Question c): how can I add an operation on the job application service and demonstrate that the decision service client is isolated from this change

Answer: You can't

This discussion makes this claim totally, absolutely, definitely and forever BOGUS:

The statelessness constraint isolates the client against changes on the server as it is not dependent on talking to the same server in two consecutive requests.

Anybody who would be using it today would be misleading other people.

This discussion debunks once and for all the utopia of the uniform interface when dealing with resource-to-resource interactions. Either your interface is uniform and your are CRUDing your resources creating a terrible coupling between resources and resource consumers, either you use REST to pass messages to your resource(s), if that's the case, your interface is not uniform.

My conclusion, and it is definitive, is that REST as a programming model for resource-to-resource inter-actions brings very little compared to WS-* (considering that you are on your own for so many things that WS-* provides out of the box).

I am not here to tell you which stack to use WS-* or REST/APP. Personally I don't care, this is "on the wire", and frankly, I don't think many people care. I have expressed what I like about REST. You might also want to use this paper to help you decide which to use when. Contrary to what some have said, this comparison is fair and care to help people make passionless decisions.

REST as defined by Roy Fielding (not by the other REST community) brought us the Web.
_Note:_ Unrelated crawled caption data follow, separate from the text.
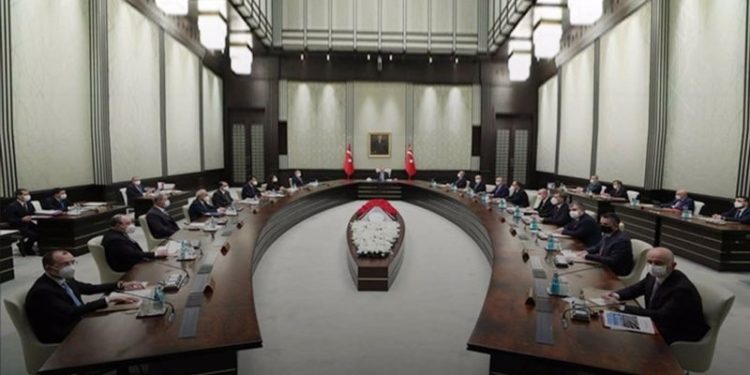 Müyesser Yıldız: Gündemde Kabine revizyonu mu var?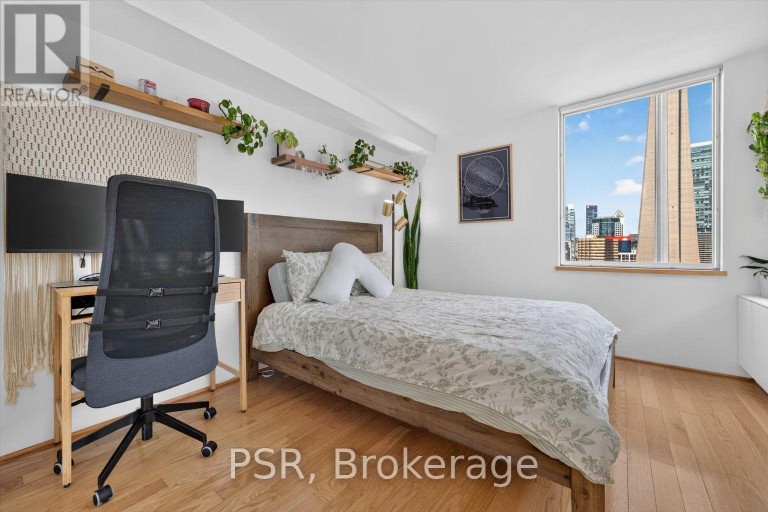 2106 - 270 QUEENS QUAY W, Toronto (Waterfront Communities), Ontario, M5J2N4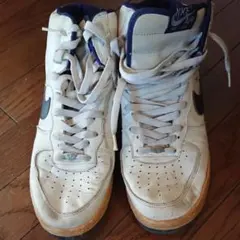 Item thumbnail for item 4204661a-9792-4034-9364-e65937c366fa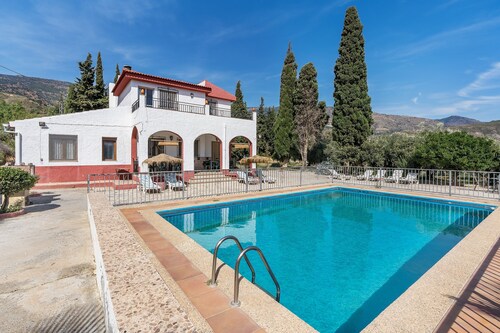 Country House 'Ana - Cortijo Puerta' with Private Pool, Wi-Fi and Air Conditioning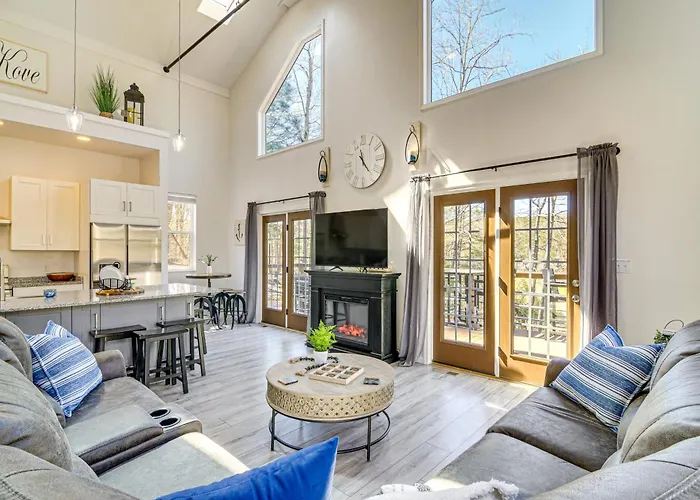 Cumberland Lake Retreat: Furnished Deck & Grill!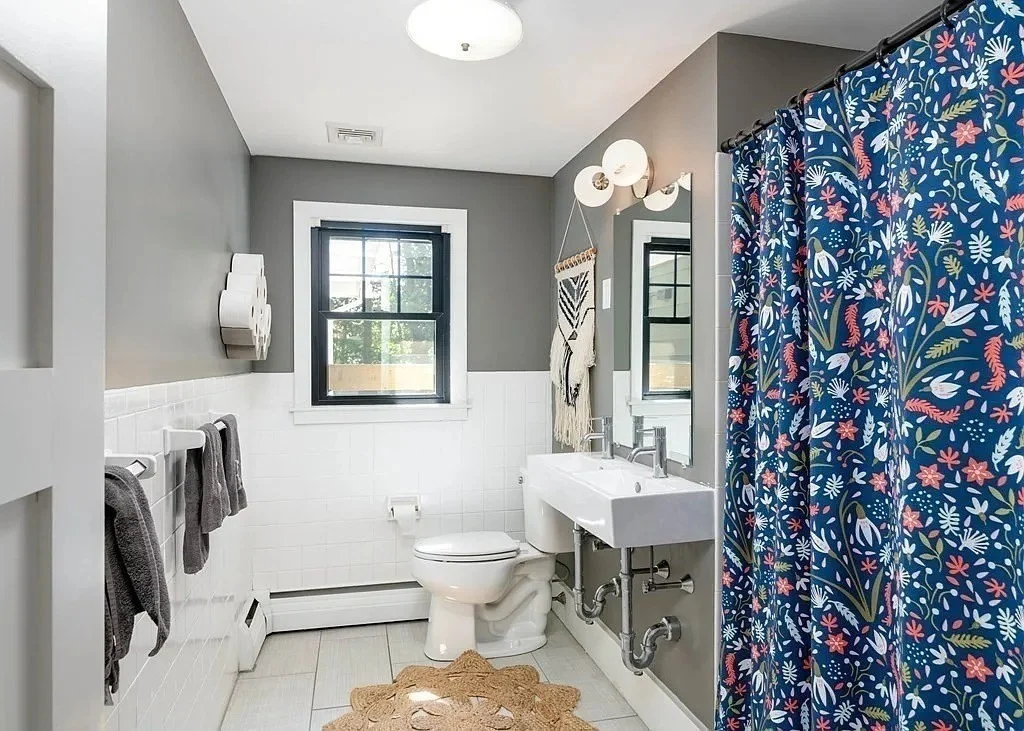 4 bed, 3 bath apartment for rent at 2 Hazelwood Dr, Hingham — photo 10 of 26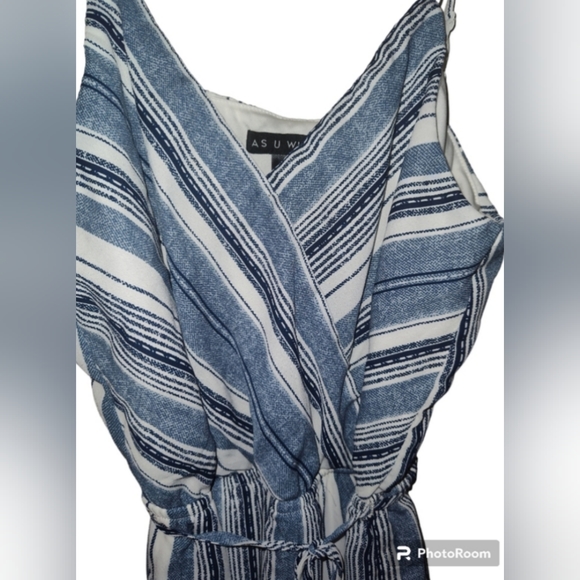 As U Wish Women's Blue and White Striped V-Neck Jumpsuit Romper Size Small - Picture 2 of 6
THAT REST is brilliant, I have said it many many time, let me say it one more time before I close this debate forever. I have never, a single time, attacked REST as defined by Roy.

I apologize to all members of the (other) REST community for my "rudeness". I hope they will understand that, after five years, these answers were critical to get as they impact hundreds of thousands of architects that have to deal with this very question (REST or WS-*). You will also understand that we could have had the exact same discussion last November, plain and simple.

I don't expect that the members of the REST community will advertize this post and this discussion, nor will they stop their silly comments on WS-* and SOA. This is their call, at least we know better today.

Yet, the REST vs WS-* debate is o-v-e-r. Now I understand.